Probate, the court proceeding governing the distribution of a decedent's property, is only one process that occurs after that person dies. The decedent's executor must also perform other several duties that are an important part of estate administration.
These duties include gathering the estate's assets, paying any debts and final expenses and distribution of the estate's remaining assets. Assets usually include solely and jointly owned assets, assets that were held in trust, business interests, proceeds from life insurance policies, retirement accounts and certain contracts.
Some property may be non-probate assets where the decedent designated a beneficiary to receive the asset after their death such as individual retirement accounts, 401(k) plans, life insurance policies and annuities. These assets are paid directly to the named beneficiaries and are not transferred under the deceased's will. Estate administration or court filings may not be necessary for these assets.

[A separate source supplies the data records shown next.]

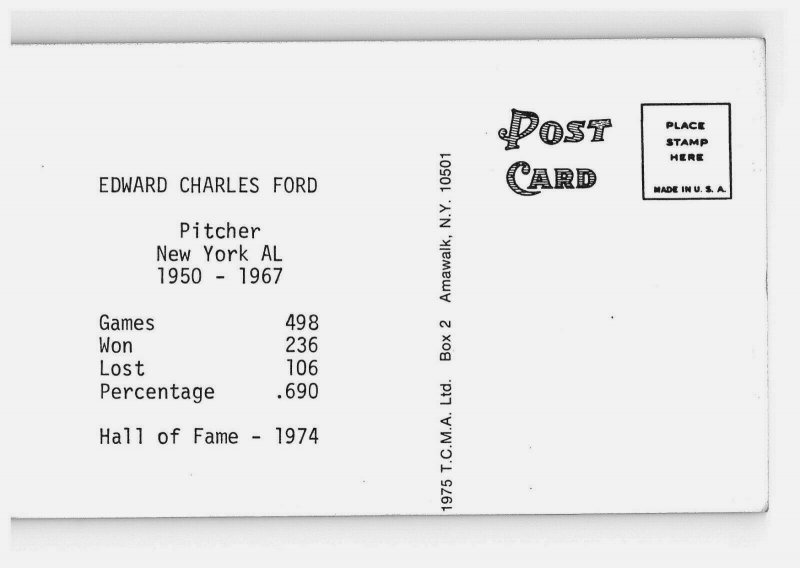 1973 Whitey Ford New York Yankees All Time Tcma Greats Postcard b & w Hof Vg-Ex 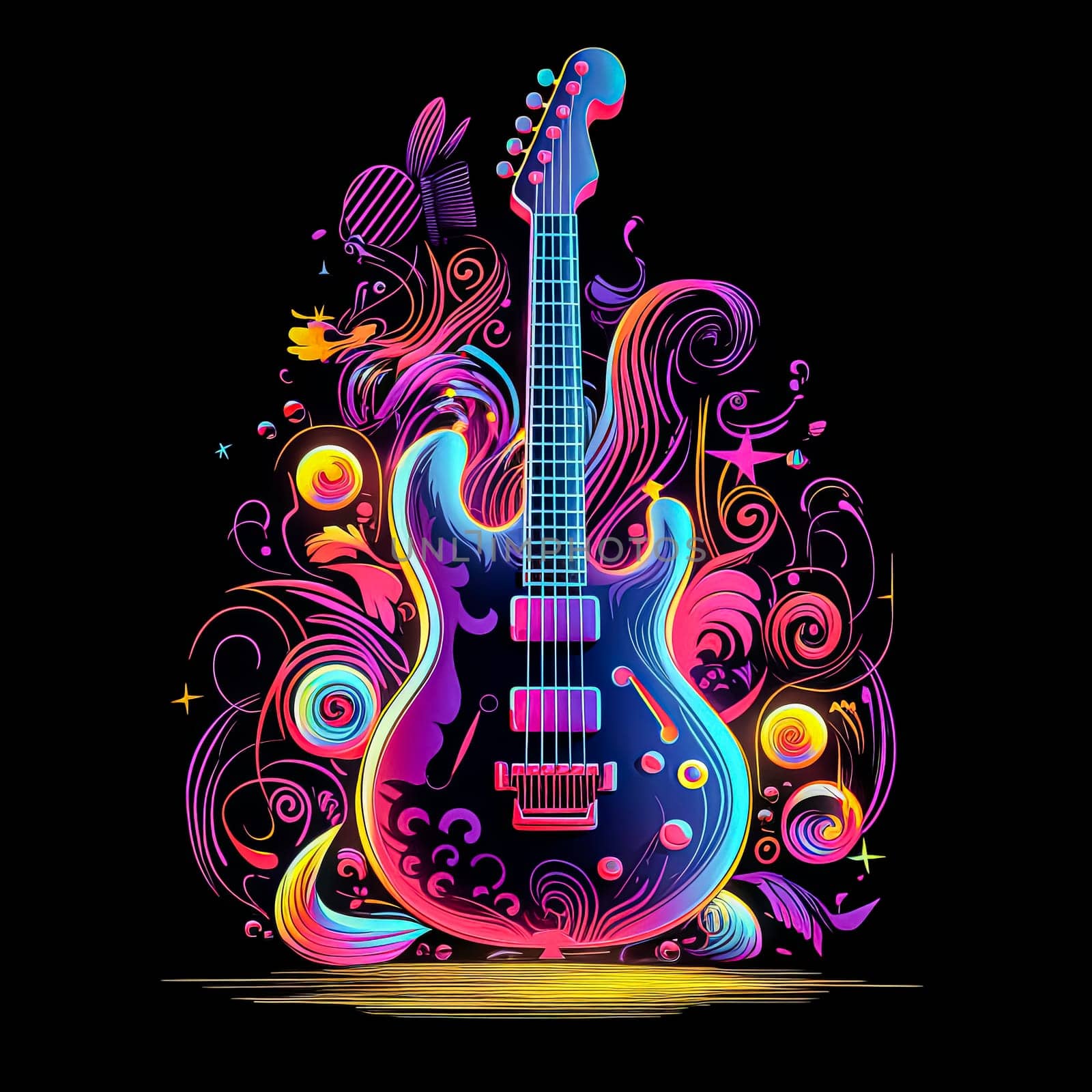 A colorful guitar is shown in a photo with smoke in the background. by Alla_Morozova93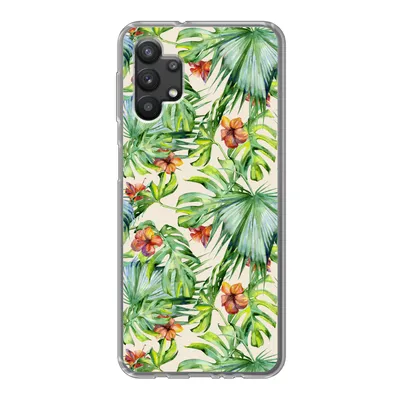 Produktbild von MuchoWow® Handyhülle Schutzhülle Hülle für Samsung Galaxy A32 5G Blume - Blatt - Muster Silikon Softcase Handy Hülle - Softcase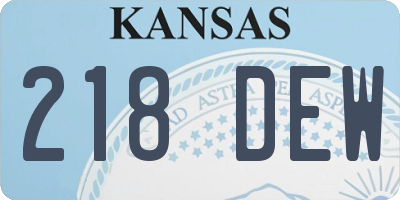KS license plate 218DEW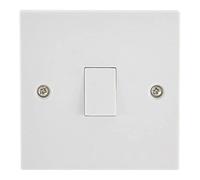 UKEA Deta 1 Gang 2 Way Electric Wall Light Switch White Rocker Standard Square 10 Amp (V1203)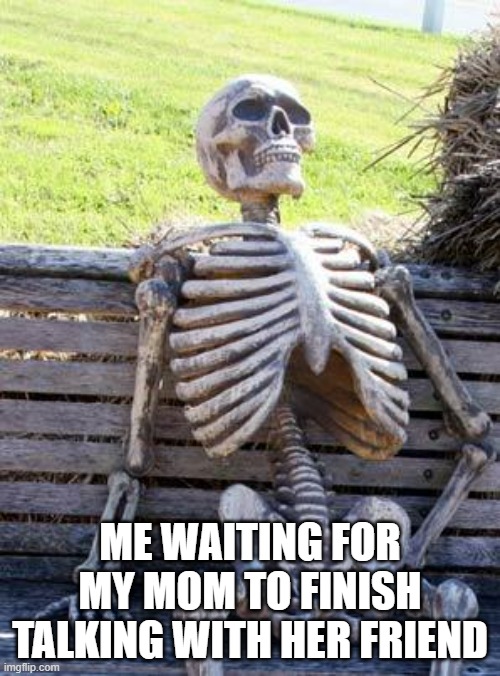 Skull | ME WAITING FOR MY MOM TO FINISH TALKING WITH HER FRIEND | image tagged in memes,waiting skeleton | made w/ Imgflip meme maker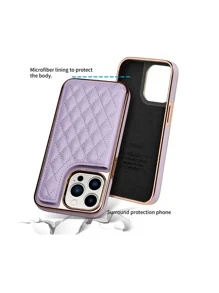 ONEGIF Plating Side Sticker Flip Card Slot Ultra-Fine Leather Wallet Phone Case Compatible With IPhone - Purple - View 4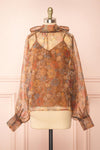 Madelyn Organza Floral Blouse w/ Cami | Boutique 1861 front view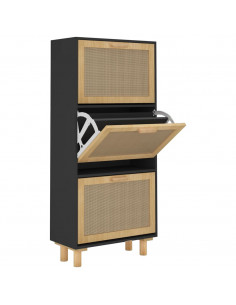 Scarpiera Nero 52x25x115cm Legno Multistrato e Rattan Naturale 2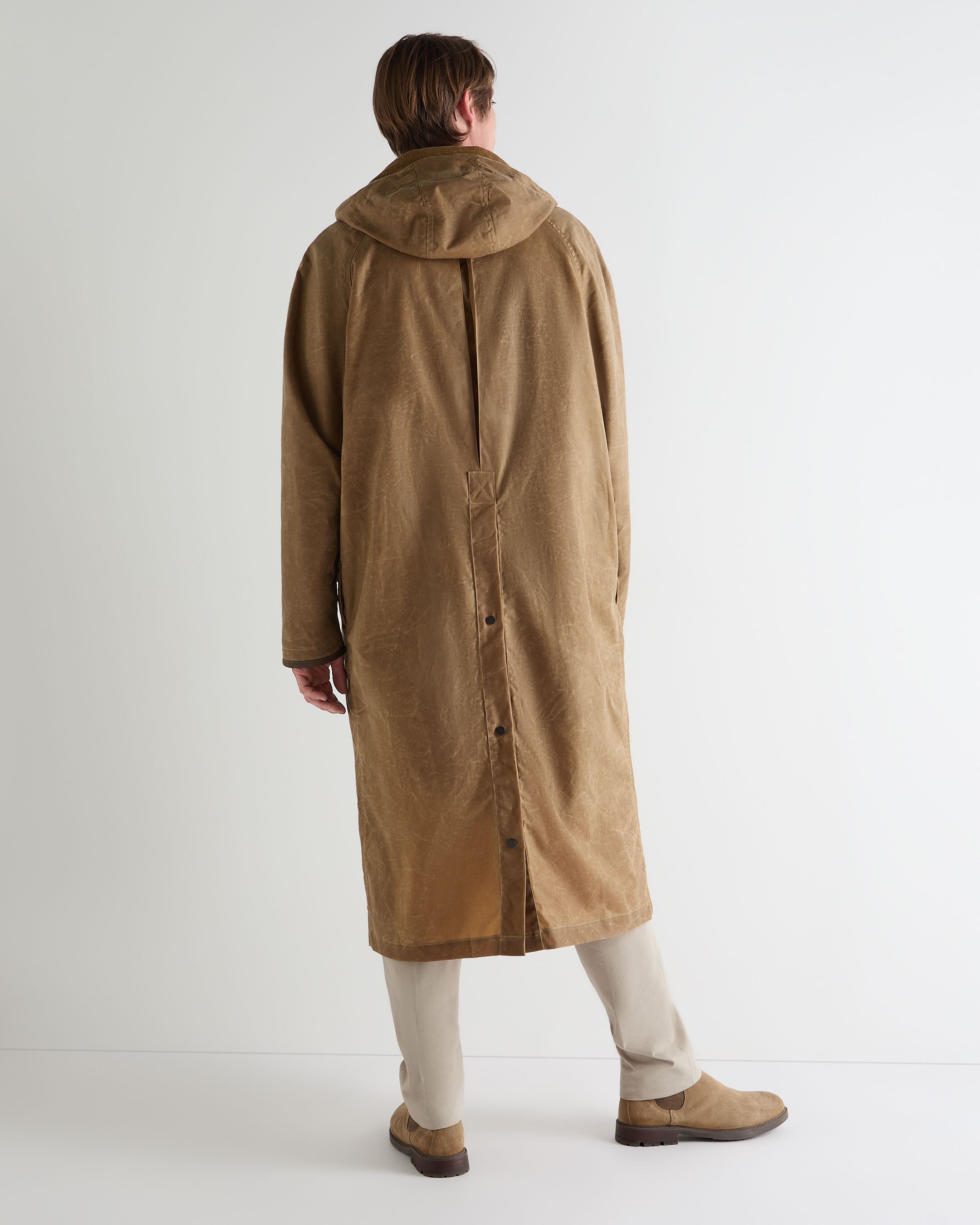 Men's Wax Riding Coat Taupe Brown | N.Peal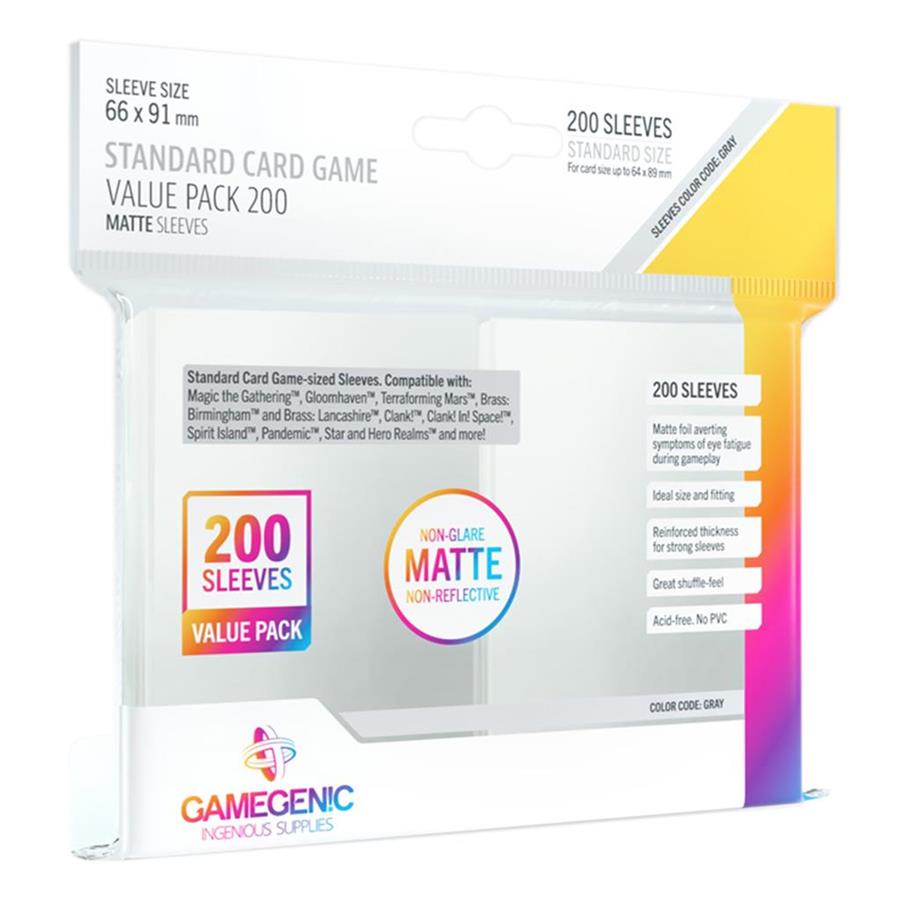 FUNDAS PARA CARTAS MATTE STANDARD CARD GAME VALUE PACK (200) | 4251715409961 | Universal Cómics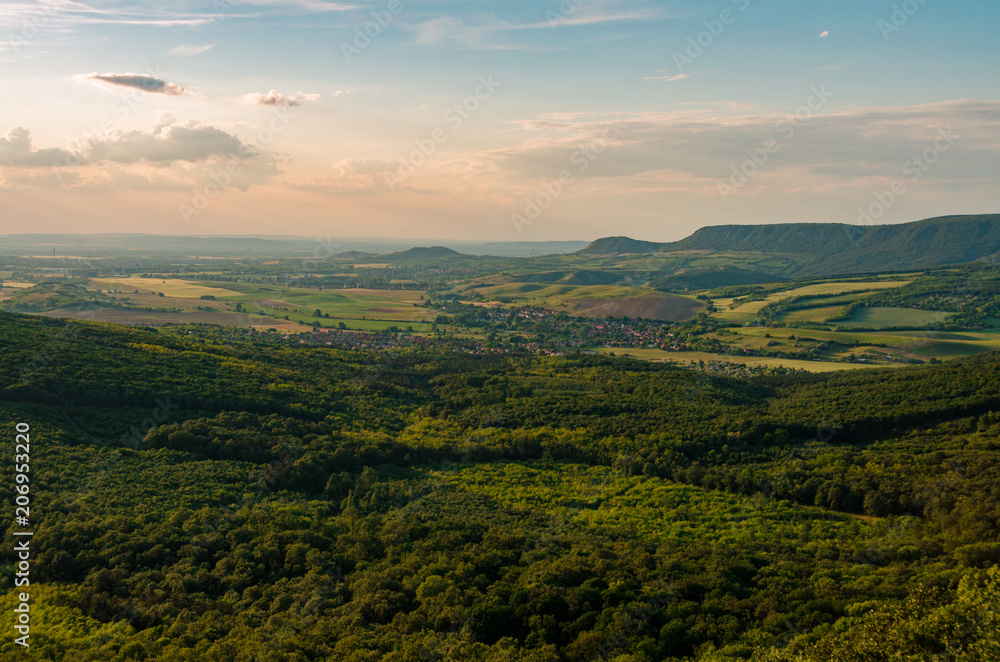 Fototapeta premium Pilisjászfalu landscape in Hungary 2018 summer while hiking nature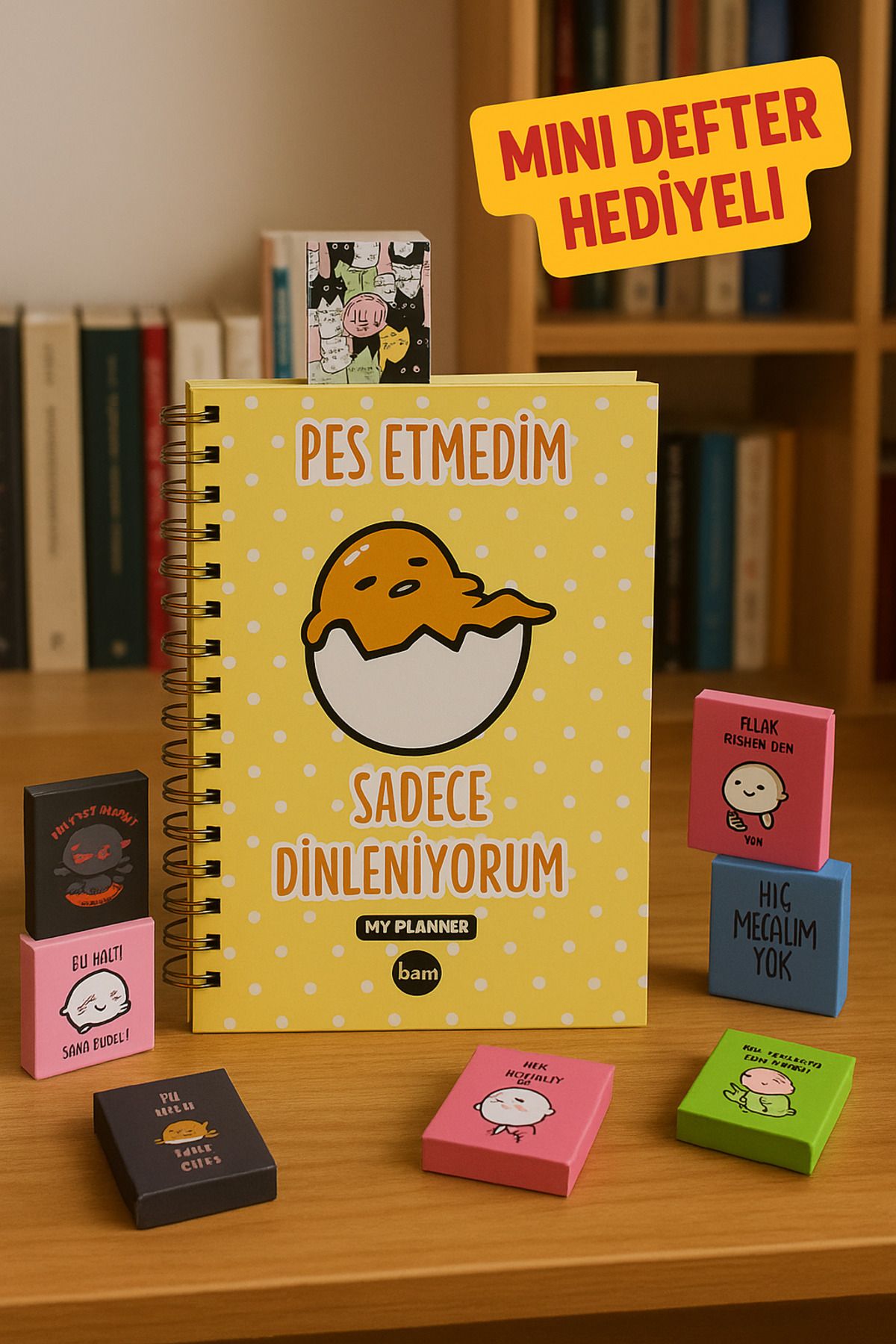 HEY GİDİ GİFT Sevimli Mini Defter Hediyeli Konuşan Ajanda - Tarihsiz Ajanda - Çelik Spiralli - Özel Seri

Other property may also constitute assets that do not have to undergo probate. These include bank accounts owned jointly by two people where the interest is transferred under a right of survivorship and the co-owner lives after the decedent's death. Holding property in a trust is usually another effective way to avoid probate court proceedings because the property is transferred directly to the beneficiary under the terms of the trust.
Interests in a business may also be excluded from probate. The governing legal documents for the business must allow for the transfer of the person's interest without judicial involvement.
The estate pays for certain expenses such as legal fees. However, administrators may need assistance to avoid making mistakes or even being held personally liable for the decedent's debts. Estate administration may also be challenging if there are disputes among heirs or beneficiaries.
Obtaining legal assistance can help assure that the estate is administered correctly, protect the administrator and deal with problems that may arise. An attorney may also assist with estate planning and draft legal documents that create an effective estate.